### Exercise material
——————————

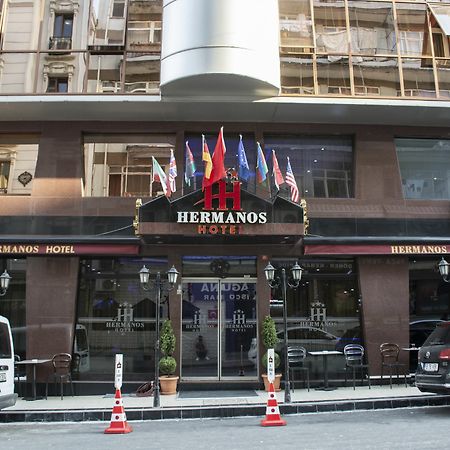 Hermanos Hotel Istanbul Eksteriør bilde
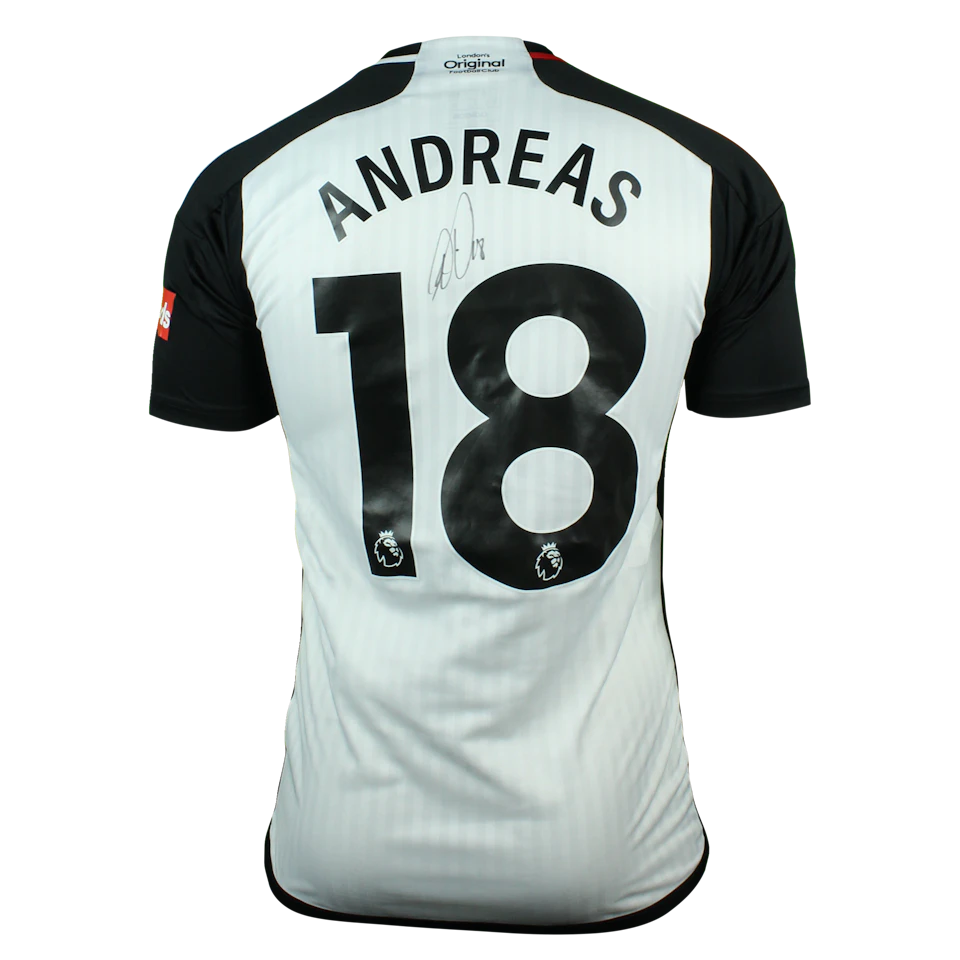 Fulham-Trikot von Andreas Pereira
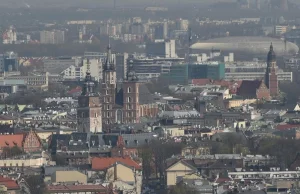 Kraków: Dron miał poszukiwać źródeł zanieczyszczeń powietrza. Rozbił się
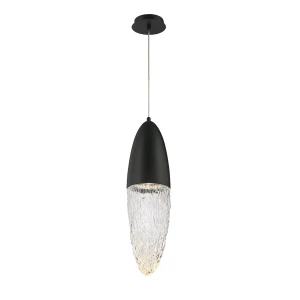 Lampa wisząca Ecrou QN-ECROU-1P-BK - Quintiesse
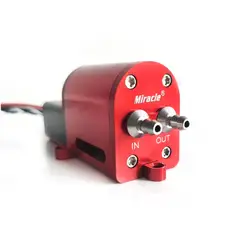 Brushless Smoke Pump with CNC Aluminium Case for RC Model Aircraft Jet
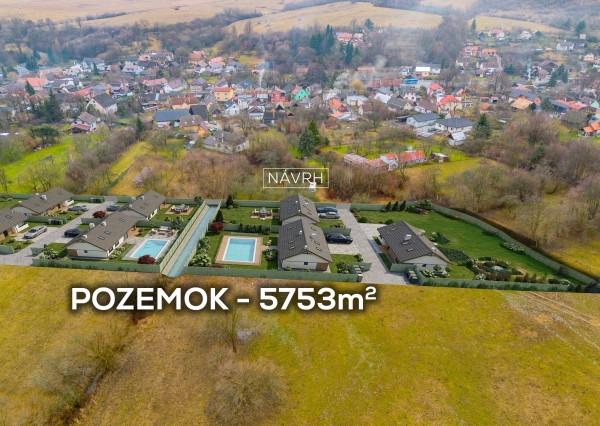 IBA U NÁS!Na predaj stavebné pozemky od 462m2, Tužina okr.PD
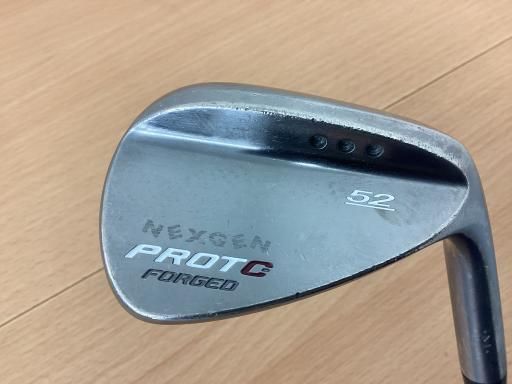 【】 ゴルフパートナー NEXGEN FORGED PROTO-C WEDGE 52° ウェッジ WG NS PRO MODUS3 TOUR105(BLACK PEARL) (フレックスS) メンズ 男性用 右利き 右用 Cランク ゴルフクラブ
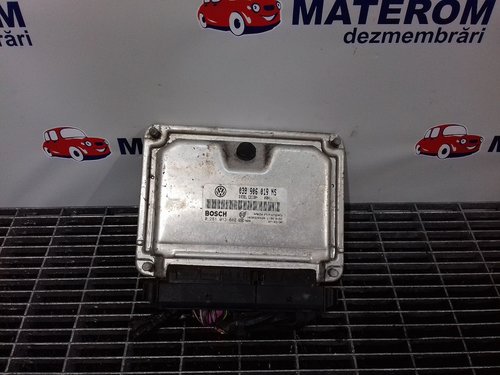 CALCULATOR MOTOR SKODA FABIA FABIA 1.9 TDI - (2007 2010)
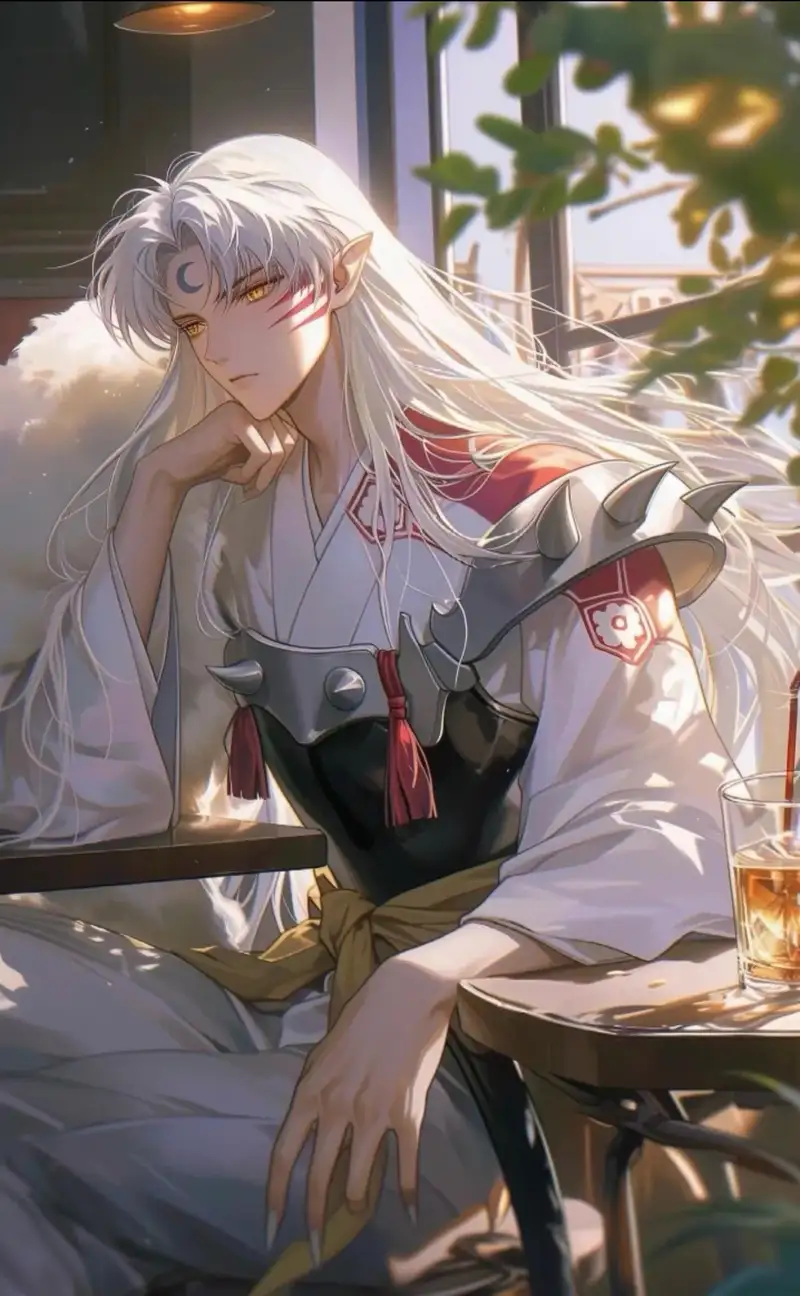 ảnh anime nam cổ trang lãng tử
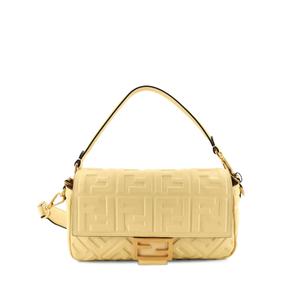 Сумка через плечо Baguette NM Bag среднего размера с узором Zucca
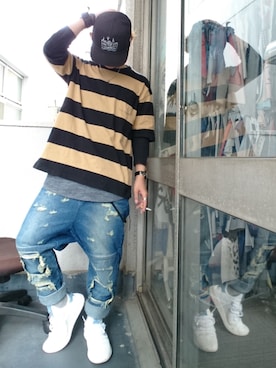 Keisuuuuさん(メンズ・160cm)の秋コーディネート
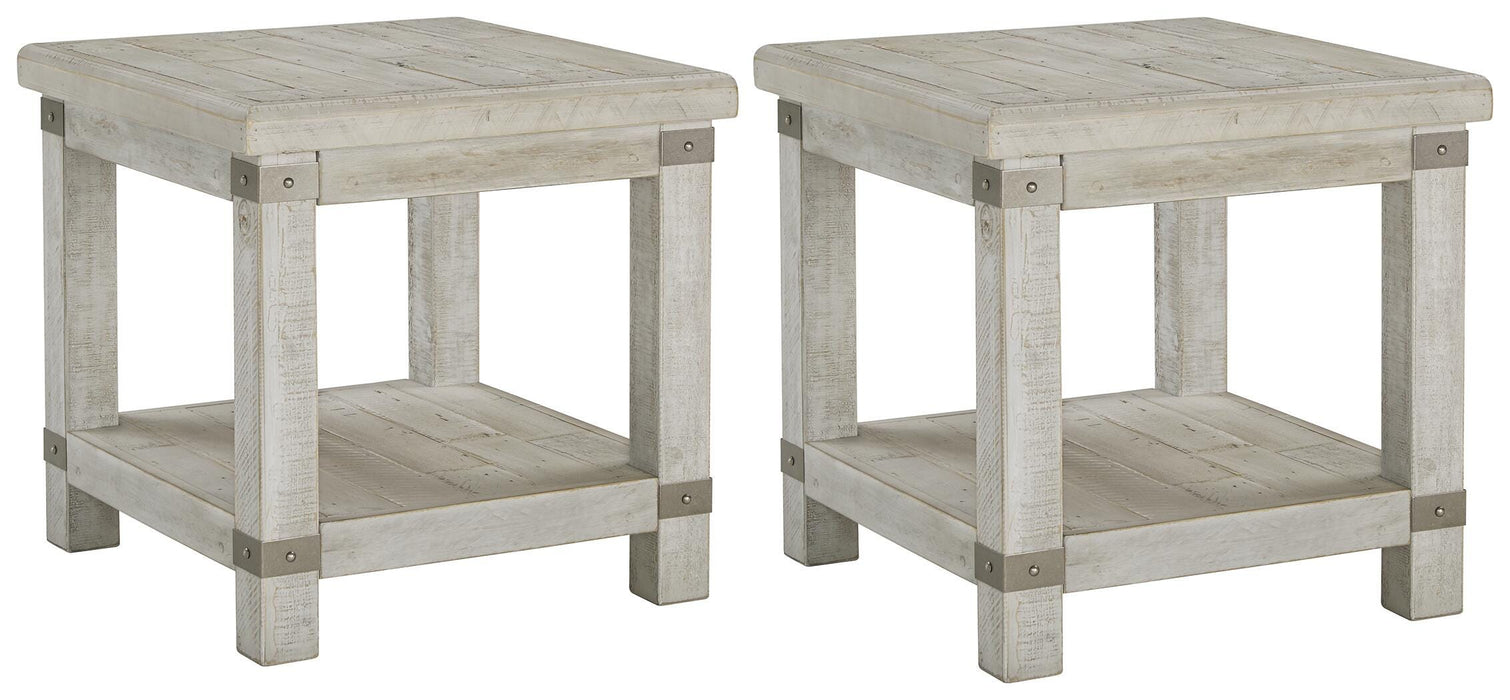 Carynhurst End Table Set - BWO Furniture & Mattresses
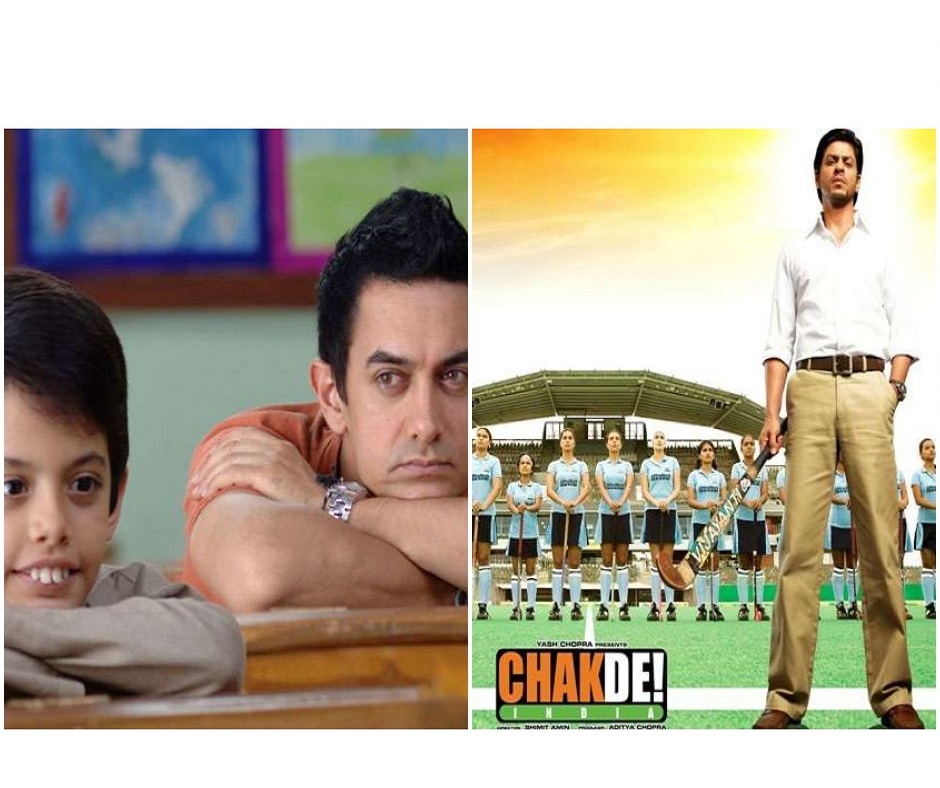 Teachers Day 2021 From Tare Zameen Par to Black to Chak De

——————————

### Your assignment
No pictures should appear in the answer, which is to be the lines from the line with "IBA U NÁS!Na" through the end of the records above, restated exactly.

### Result of the task
 IBA U NÁS!Na predaj stavebné pozemky od 462m2, Tužina okr.PD
 【】 ゴルフパートナー NEXGEN FORGED PROTO-C WEDGE 52° ウェッジ WG NS PRO MODUS3 TOUR105(BLACK PEARL) (フレックスS) メンズ 男性用 右利き 右用 Cランク ゴルフクラブ
 CALCULATOR MOTOR SKODA FABIA FABIA 1.9 TDI - (2007 2010)
 ảnh anime nam cổ trang lãng tử
 Сумка через плечо Baguette NM Bag среднего размера с узором Zucca
 Keisuuuuさん(メンズ・160cm)の秋コーディネート
 Carynhurst End Table Set - BWO Furniture & Mattresses
 Teachers Day 2021 From Tare Zameen Par to Black to Chak De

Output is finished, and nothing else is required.